A y regarder attentivement, on verrait qu’autour de cet homme évolue un brouillard semi-argenté, semi-chargé d’obscur. Comme un brouillard plein de volutes qui viennent s’écraser sur lui, – presque ! – en permanence. En effet, le vent ne bat pas les plaines, il s’oriente et se concentre exclusivement sur l’homme sombre.

Si l’on se rapproche, on y entend un léger bourdonnement, fourmillement. Et des sons lourds, métalliques, archi-tranchants. Des sons des bas-fond, quand derrière une porte noire, se trouve une autre porte, et encore, encore, toujours plus profond dans le magma, et dans l’impalpable complexité qu’il représente. Ainsi, l’homme trace des cercles sur le sable, et lorsqu’il arrive au dernier des cercles, sa main tremble. Il retient son geste. Il hésite. Puis achève son oeuvre.

Intérieurement, il se calibre de façon à se sentir prêt à affronter son épreuve.
L’homme sombre retient son souffle. Il s’abaisse, et glisse dans la fente du plus petit cercle un peu d’huile depuis un flacon grenat, en tournant sur lui-même. Il se redresse. D’un coup, comme un foudroiement, le cercle s’embrase, puis ceux qui l’entourent. Le feu circulaire l’encercle et lui crame jusqu’aux sourcils ! Pourtant ces derniers ne fondent, bien qu’ils soient transformés par la puissance des flammes.
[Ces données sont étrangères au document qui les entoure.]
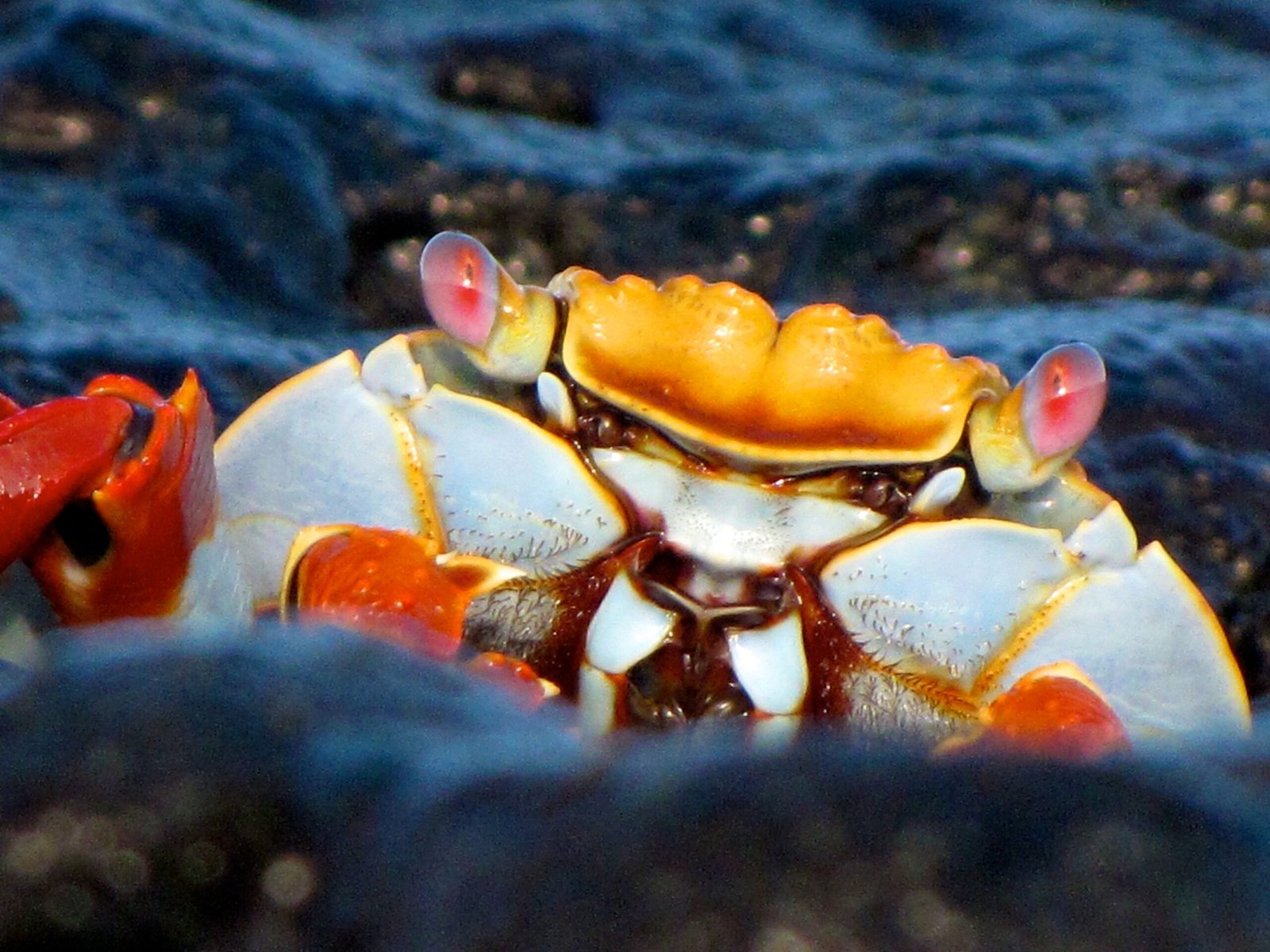 Sally Lightfoot Crab - Galapagos Island Hopping Tour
De façon étrange, l’homme sombre souffle puis retient sa respiration, pour souffler encore. Les nuages qui l’entourent semblent réagir ; ils foncent droit sur les flammes, se font absorbées puis sont recrachées avec force. Ils semblent perdre leur densité.

D’un geste brusque, l’homme sombre traverse les flammes avec son bras, puis se met à jouer avec elles. Il amorce une danse, qui débute par quelques lâcher-prises que seuls les jongleurs connaissent seulement. Il lance des flammèches dans toutes les directions, et elles reviennent sur lui, frôlant son torse et brûlant les tissus noirs qui l’habillent. Pourtant, sous ces habits noirs se trouvent d’autres habits noirs, ce qui fait que l’homme n’est jamais mis à nu. Les flammèches ont atteint les autres cercles, par effet de propagation. La chaleur est à son comble.

L’apparence de l’homme sombre semble quelque peu altérée. Devenu squelettique, comme si les flammes lui avaient arraché son suc, il lorgne le brasier qui l’entoure. Privé de sa vitalité, il semble avoir vieilli d’années en fort nombre.